Lawyer Joe O’Malley (head of commercial litigation and dispute resolution at Hayes Solicitors) told this year’s Law Society litigation conference that some warnings had been issued about widespread use of remote hearings.
There is a requirement under the Constitution that justice be administered openly, and a requirement for hearings to be held in public, he told the conference (4 November).
However, remote hearings offered efficiencies in terms of travel time and waiting time, which were beneficial.
Colleagues in the jurisdiction of England and Wales had been particularly cautious about potential tampering of witnesses, O'Malley said, and some courts had directed that remote evidence be given from an approved location.
Technical solutions had also evolved, such that the entire remote room was visible to the court, he added, so that nobody would be in a position to interfere with or assist a witness.
While short or uncontroversial remote hearings were unobjectionable, some disadvantages had been pointed out – such as a difference in levels of judicial interaction and intervention.
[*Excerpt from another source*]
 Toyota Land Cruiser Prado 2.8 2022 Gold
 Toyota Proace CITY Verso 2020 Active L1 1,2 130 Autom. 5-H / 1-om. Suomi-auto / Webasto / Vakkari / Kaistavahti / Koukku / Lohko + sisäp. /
Some practitioners believe that the management of witnesses is less satisfactory in remote hearings.
And there can be challenges to effective advocacy in complex cases heard remotely.
The lawyer (small picture) added that having a physical hearing date could often act to push matters towards settlement.
A hearing date can “give that necessary pinch-point to get business done,” O’Malley said.
Remote lawyer liaison had also been facilitated with longer court breaks, and side collaboration often took place outside of the official court communication channels, where queries and clarifications could be dealt with.
There have now been 10,000 virtual hearings in Irish courts, O’Malley said, and the Courts Service envisages a future of hybrid courts.
Parties should try to agree issues as much as possible in advance, he said, in order to facilitate the hybrid system and shorten hearings.
In general, witness actions would return to physical hearings, O’Malley concluded.